### WHAT THE TASK ASKS
Please output the listing below character for character and omit the images.

### GIVEN DATA
———

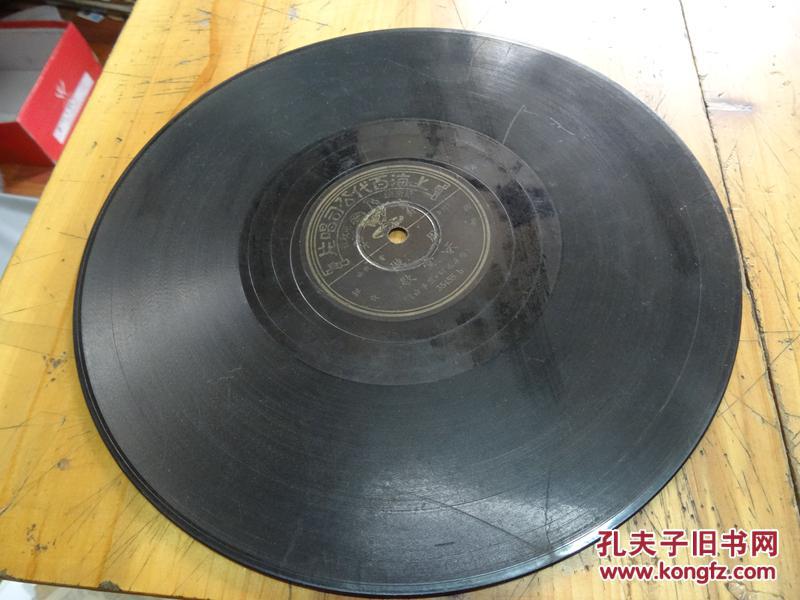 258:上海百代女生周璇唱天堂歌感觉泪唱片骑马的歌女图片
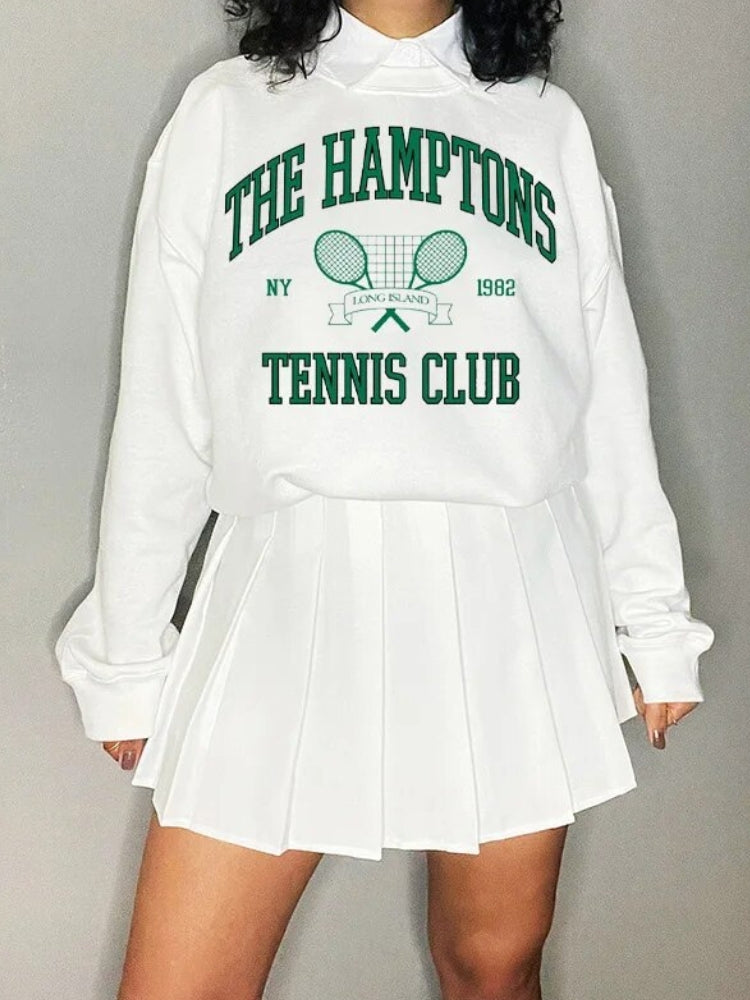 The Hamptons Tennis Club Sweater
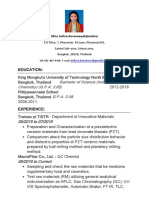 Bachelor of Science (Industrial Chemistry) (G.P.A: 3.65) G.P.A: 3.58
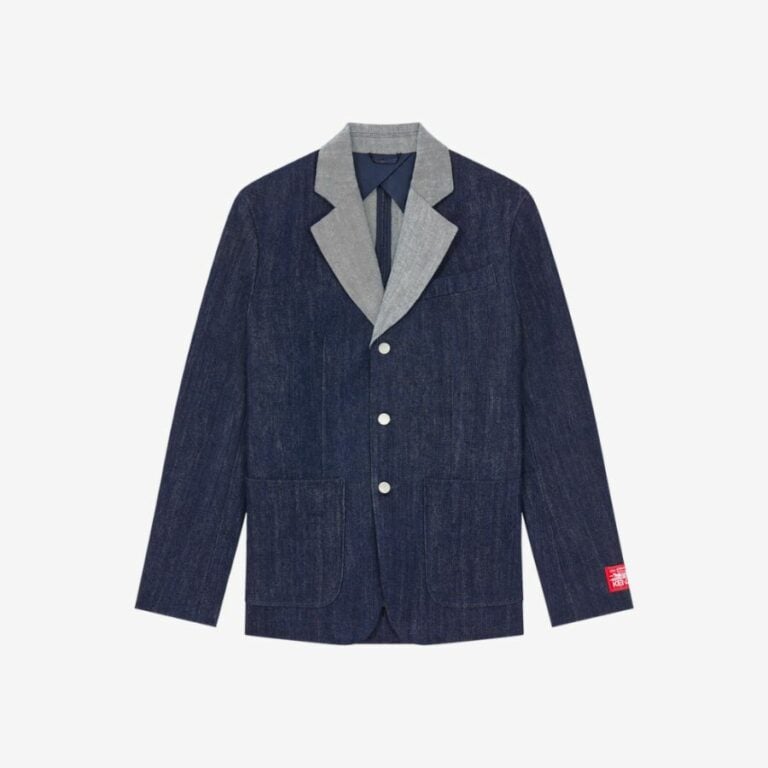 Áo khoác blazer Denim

———

### ANSWER TO THE EXERCISE
 258:上海百代女生周璇唱天堂歌感觉泪唱片骑马的歌女图片
 The Hamptons Tennis Club Sweater
 Bachelor of Science (Industrial Chemistry) (G.P.A: 3.65) G.P.A: 3.58
 Áo khoác blazer Denim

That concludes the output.